この時点では、バージョンは DEFAULT バージョン 1 つだけです。これはデータのマスタ(プロダクション)バージョンと見なされるバージョンです。データがロックされたり、他のユーザに不完全なデータが表示されたりすることがないように、従業員がデータを編集するための他のバージョンを作成します。
バージョンは、ジオデータベースのコピーではなく、ジオデータベースのビューのようなものであることに注意してください。バージョンをいくつ作成したとしても、ジオデータベースの各データセットのコピーは 1 つだけです。
DEFAULT バージョンの保護と新しいバージョンの作成
DEFAULT バージョンはマスタ バージョンなので、ArcSDE 管理者は既存のデータセットでの不正な編集から DEFAULT バージョンを保護したいと考えます。そこで、[バージョン プロパティ] ダイアログ ボックスを使用して、DEFAULT バージョンの権限を [プロテクト] に設定します。このダイアログ ボックスには、カタログ ツリーの [バージョン マネージャ] ダイアログ ボックスまたは ArcMap の [バージョニング] ツールバーからアクセスします。
ArcSDE 管理者は、DEFAULT バージョンの権限を変更して [OK] をクリックした後、[バージョン マネージャ] ダイアログ ボックスに戻ります。ここで、DEFAULT バージョンから新しいバージョンを作成します。

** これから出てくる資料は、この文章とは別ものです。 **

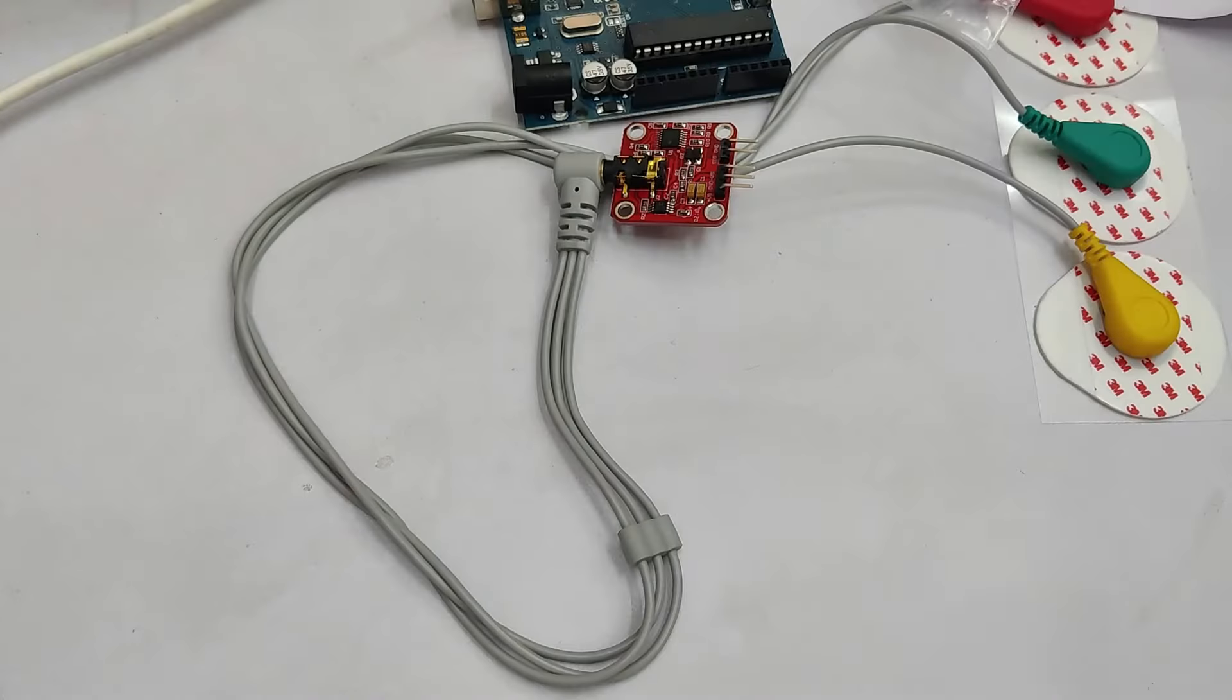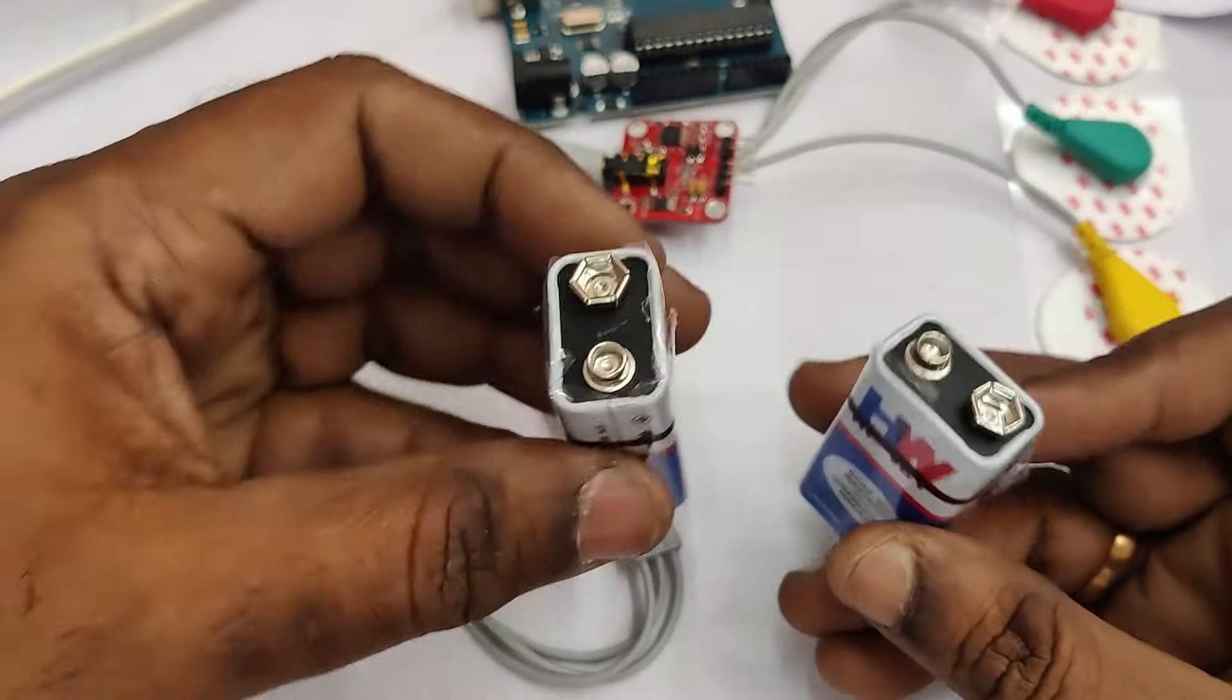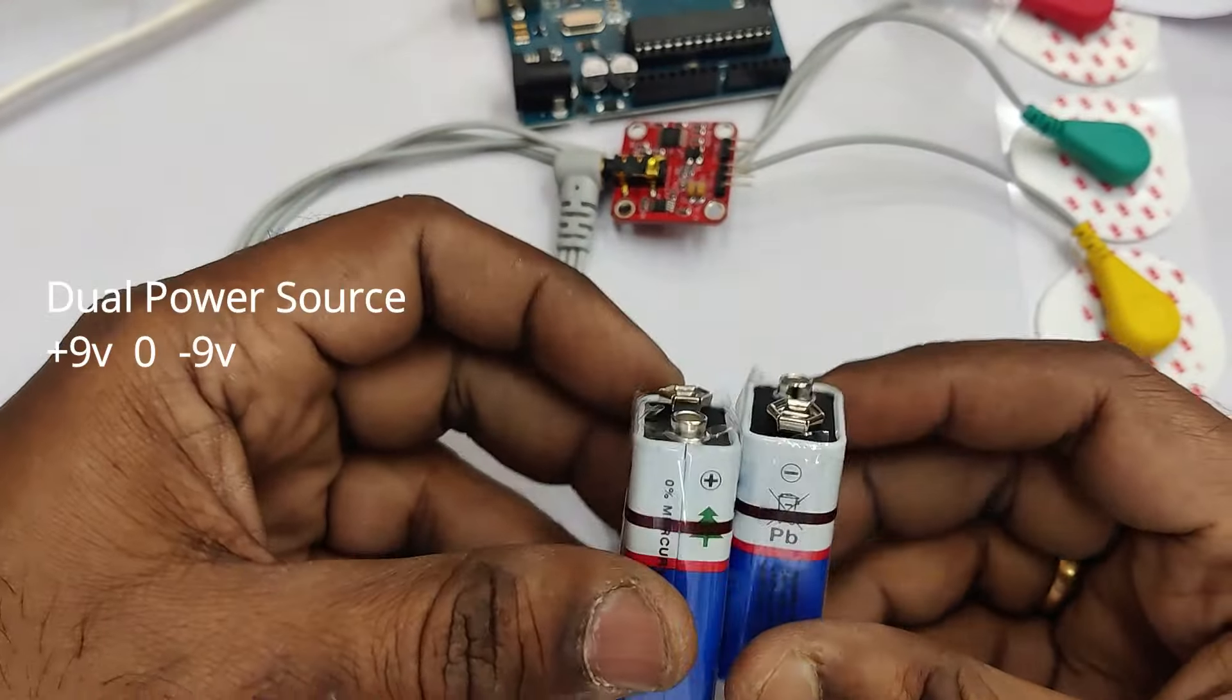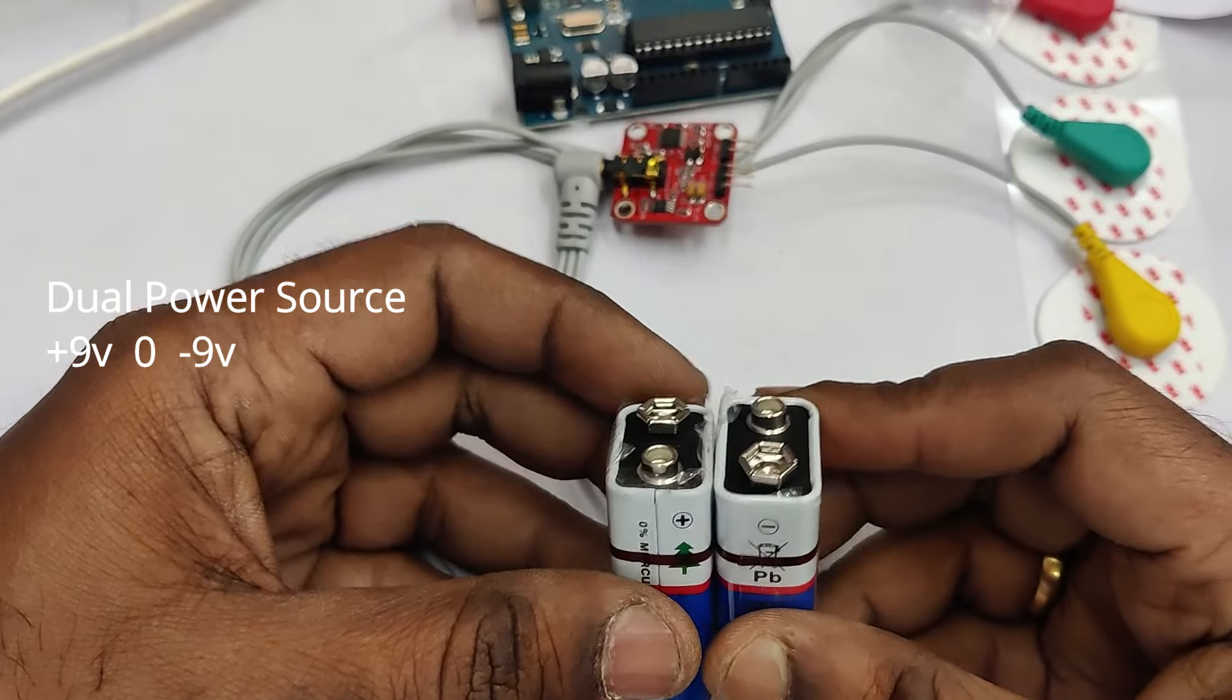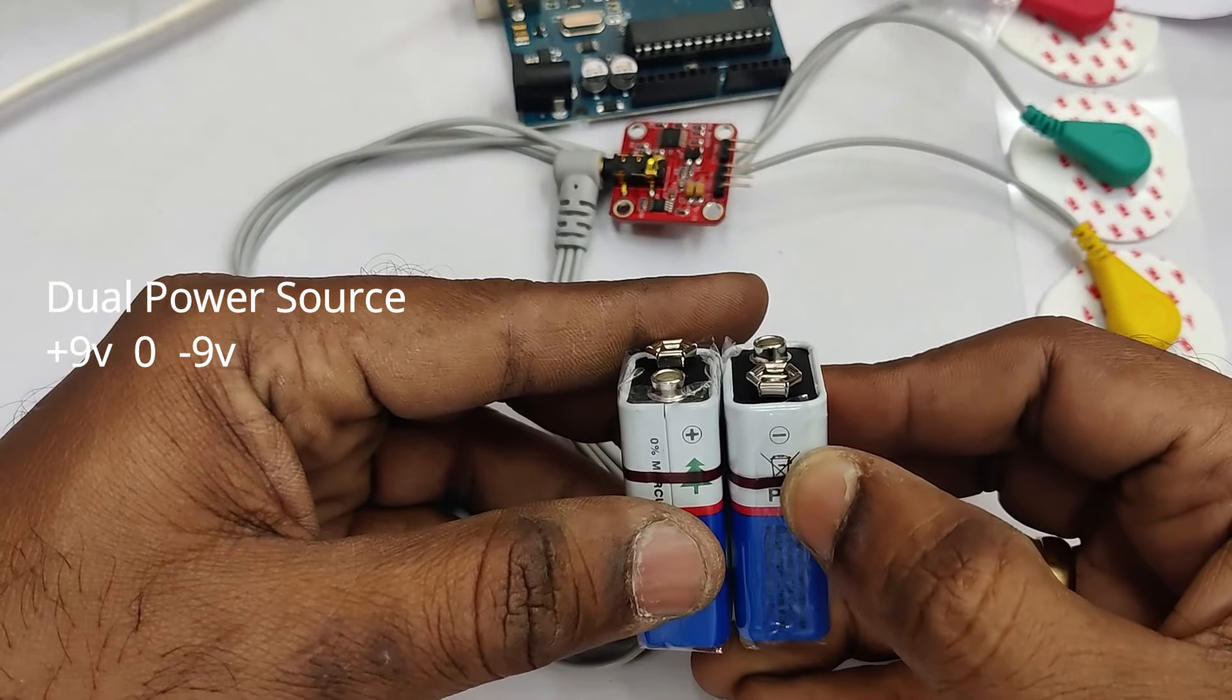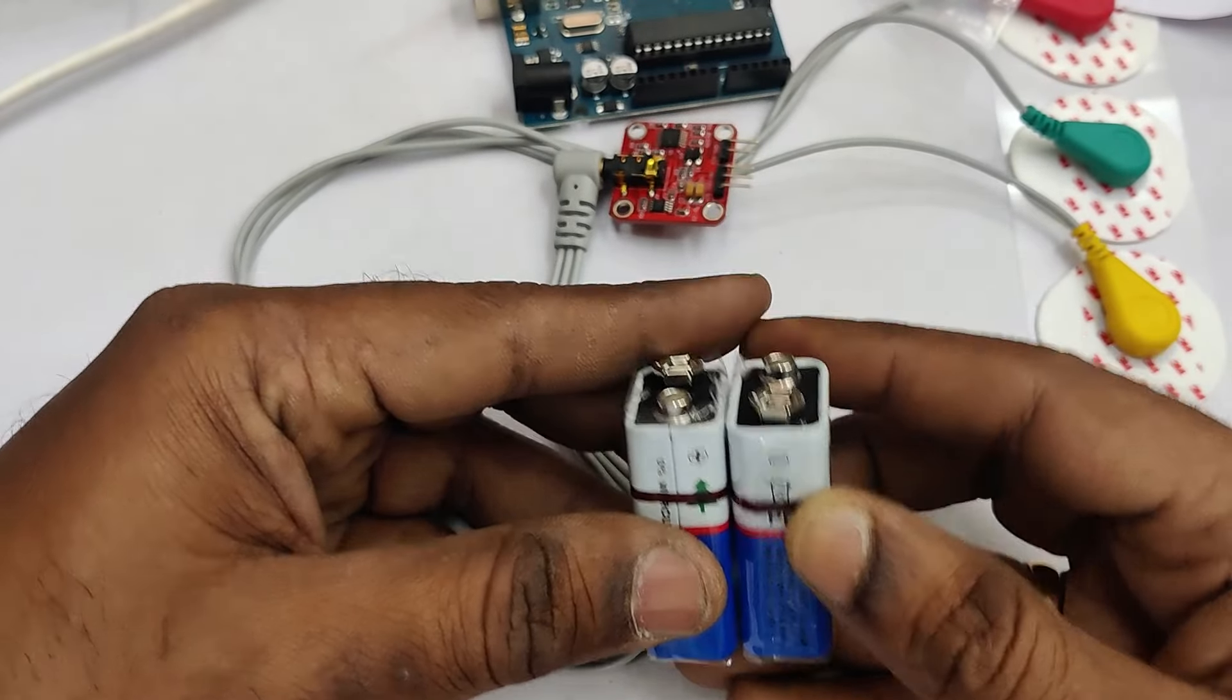Now let us see how to make the power source for this. You require two 9 volt batteries to produce plus 9, 0, and minus 9 volt.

ArcSDE 管理者は、新しいバージョンに「Base」という名前を付け、その権限を [パブリック] に設定します。
これで、バージョンはDEFAULT と Base の 2 つになります。
これら 2 つのバージョンにはすべての従業員が接続できます。ただし、DEFAULT バージョンへの接続時にデータを編集し、DEFAULT バージョンにポストできるのは、ArcSDE 管理者だけです。Base バージョンに接続した従業員は、必要な権限が与えられているすべてのデータセットを編集することができます。
新しいバージョンの使用
前述したように、Maxine はベース データを編集します。Maxine は Base バージョンに接続し、道路、住所、建物などのベース データを編集します。次に示す [空間データベース接続プロパティ] ダイアログ ボックスでは、Maxine が ArcCatalog で Base バージョンに接続しています。
ジオデータベースへの接続の詳細については、「管理者ライブラリ」のジオデータベースへの接続に関する記述をご参照ください。
Maxine が編集を終了した後、ArcSDE 管理者が Base バージョンでの Maxine の編集内容を確認します。編集内容に問題がなければ、それらは DEFAULT バージョンにリコンサイルされ、変更が DEFAULT バージョンに反映されます。このデータを編集するのは Maxine だけのはずなので、リコンサイル時に競合が検出されることはないはずです。この時点で、ArcSDE 管理者は変更を DEFAULT バージョンにポストします
これで、Maxine の編集内容がすべて DEFAULT バージョンへ移行します。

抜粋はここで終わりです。